Content starts

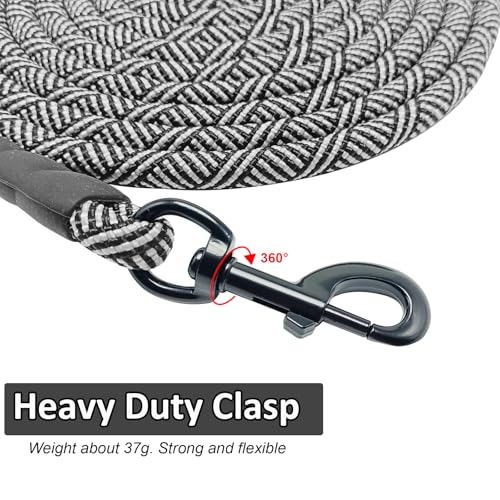 30ft Long Rope Dog Leash, 3/4/5/6/7/8/10/12/15/20/30FT Lengths Dog Lead Nylon Pet Leash, Soft Padded Handle Thick Lead Training Leashes for Large Medium Dogs (30ft * 1/2", Black) - color: black, size: 1/2" * 30'
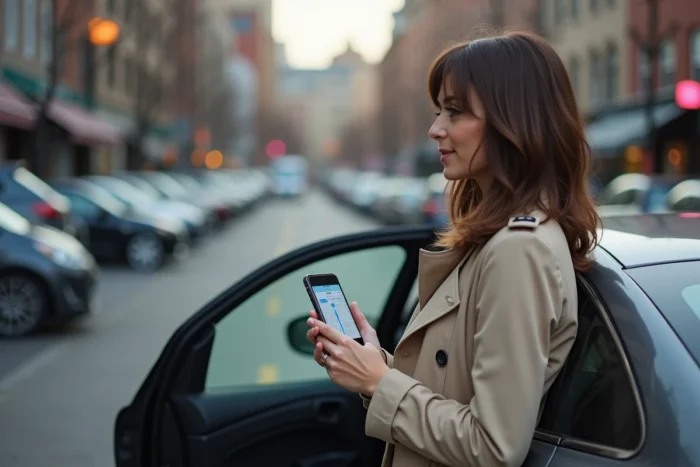 Femme utilisant l'application de navigation Ford synchronisée sur smartphone à côté de sa voiture en ville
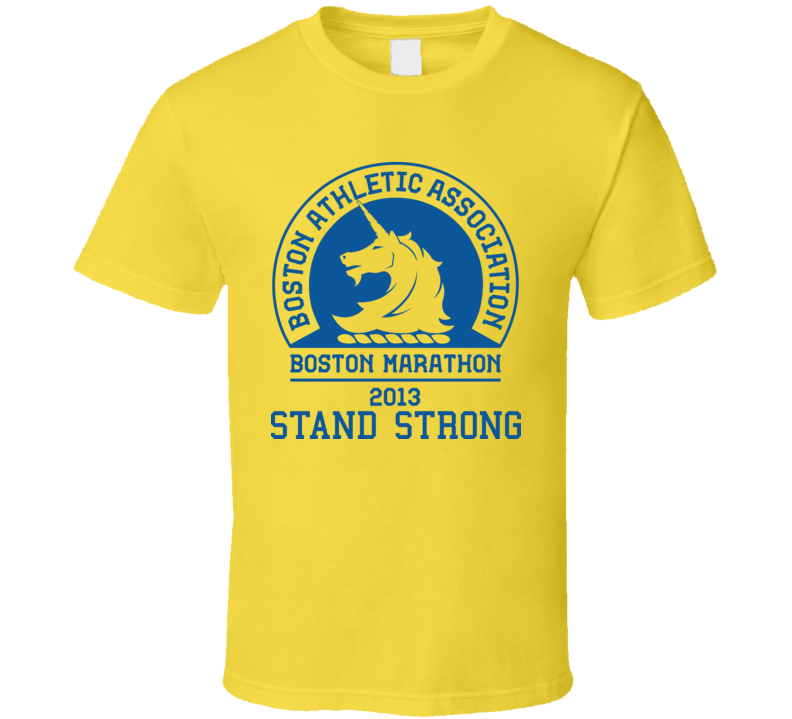 Boston Stand Strong Marathon 2013 Runners Yellow T Shirt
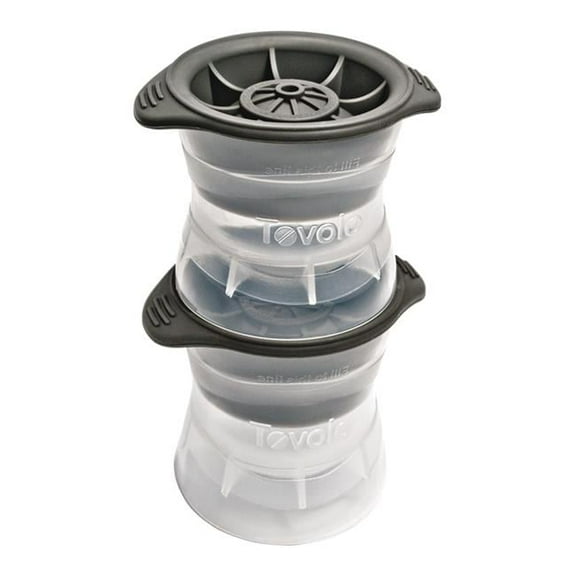 2.5 x 2.5 in. Silicone & Polypropylene Sphere Ice Molds, Clear & Gray - Set of 2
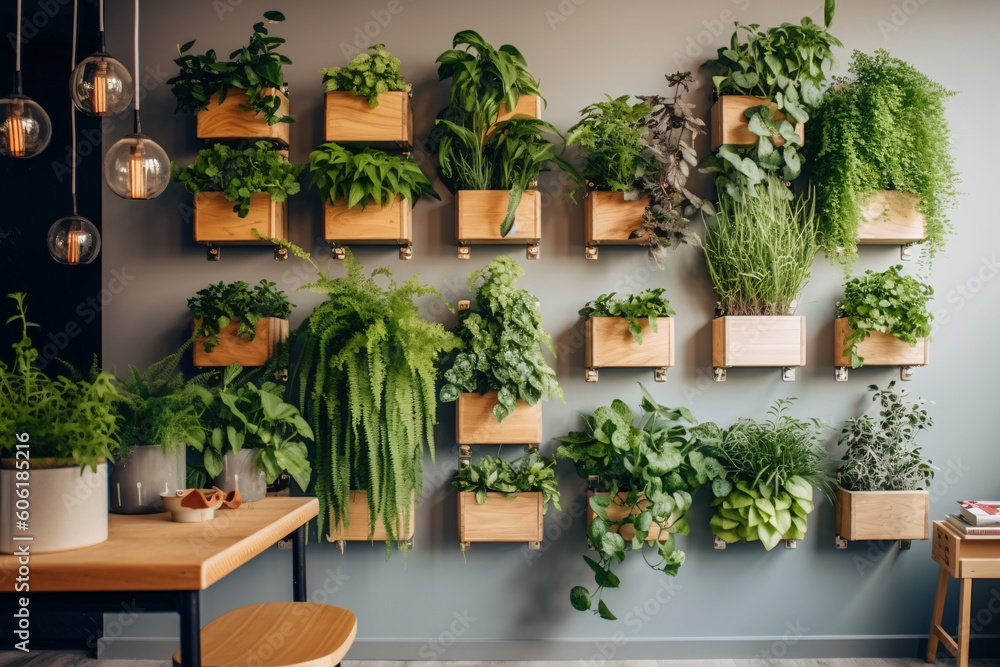 Picture of Vertical gardening in the apartment. Scandinavian interior style ...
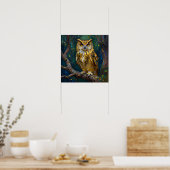 A Blue and Gold Majestic Owl   Poster (Keuken)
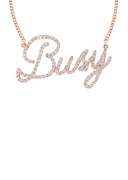 14K Rose Gold Ladies Full Diamond Script Name Plate Necklace | Appx. 1.20 Carat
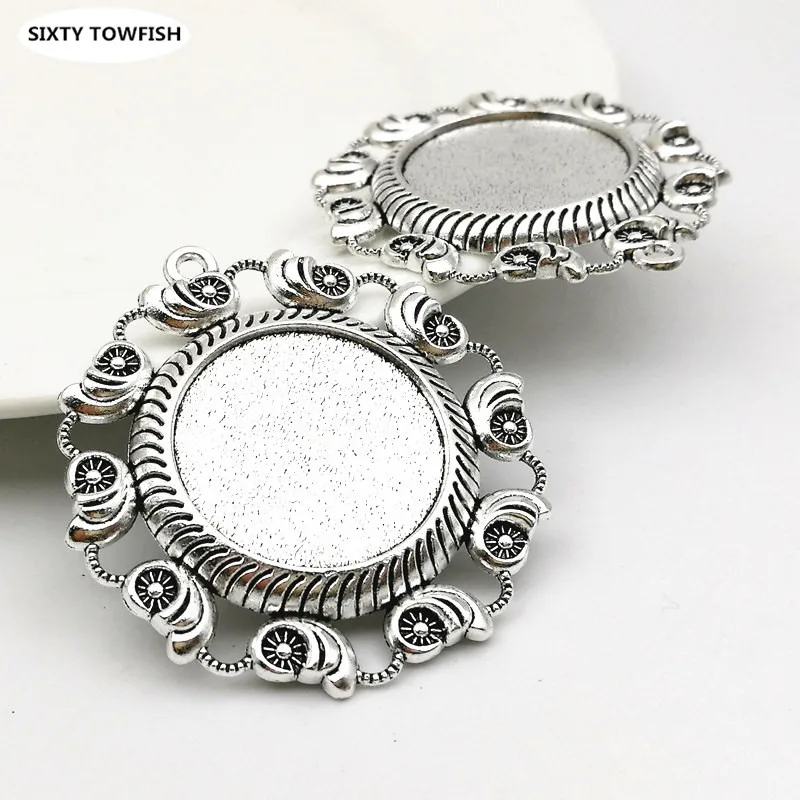 20pcs/lot 37x39MM Inner:25mm Alloy/Metal Antique Bronze Conch Blank Tray Pendant Base Bezel Settings for Glass or Stickers | Украшения и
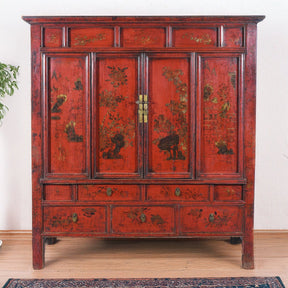 Chinese Red Lacquer Wedding Cabinet From Shanxi  -19th Century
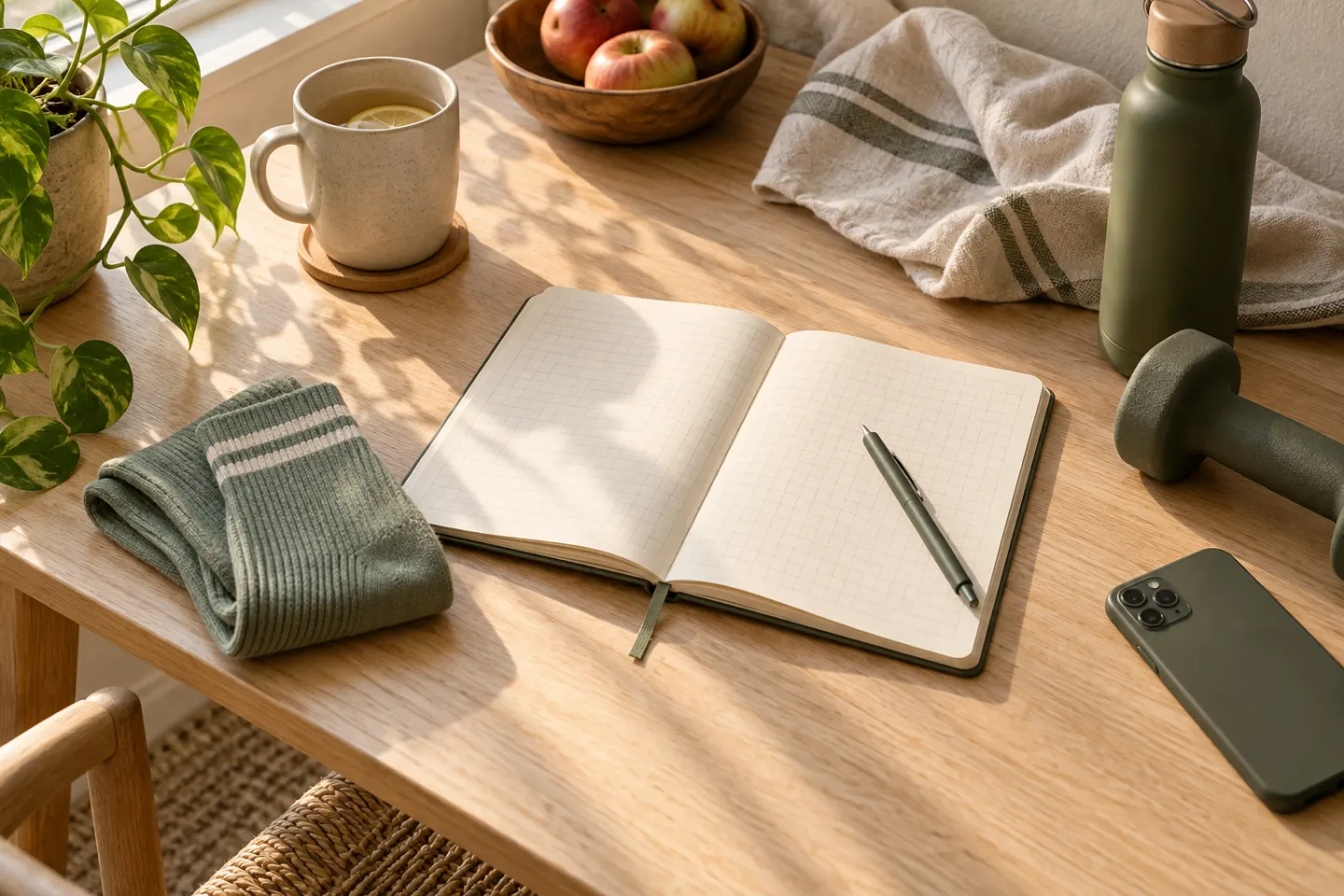 An open workout-planning notebook beside a phone, dumbbell, socks, and water bottle in morning light.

Content ends

### Instructions to follow
Output every line above exactly as it stands, and drop any picture.

### Answer to the exercise
 30ft Long Rope Dog Leash, 3/4/5/6/7/8/10/12/15/20/30FT Lengths Dog Lead Nylon Pet Leash, Soft Padded Handle Thick Lead Training Leashes for Large Medium Dogs (30ft * 1/2", Black) - color: black, size: 1/2" * 30'
 Femme utilisant l'application de navigation Ford synchronisée sur smartphone à côté de sa voiture en ville
 Boston Stand Strong Marathon 2013 Runners Yellow T Shirt
 2.5 x 2.5 in. Silicone & Polypropylene Sphere Ice Molds, Clear & Gray - Set of 2
 Picture of Vertical gardening in the apartment. Scandinavian interior style ...
 A Blue and Gold Majestic Owl   Poster (Keuken)
 14K Rose Gold Ladies Full Diamond Script Name Plate Necklace | Appx. 1.20 Carat
 20pcs/lot 37x39MM Inner:25mm Alloy/Metal Antique Bronze Conch Blank Tray Pendant Base Bezel Settings for Glass or Stickers | Украшения и
 Chinese Red Lacquer Wedding Cabinet From Shanxi  -19th Century
 An open workout-planning notebook beside a phone, dumbbell, socks, and water bottle in morning light.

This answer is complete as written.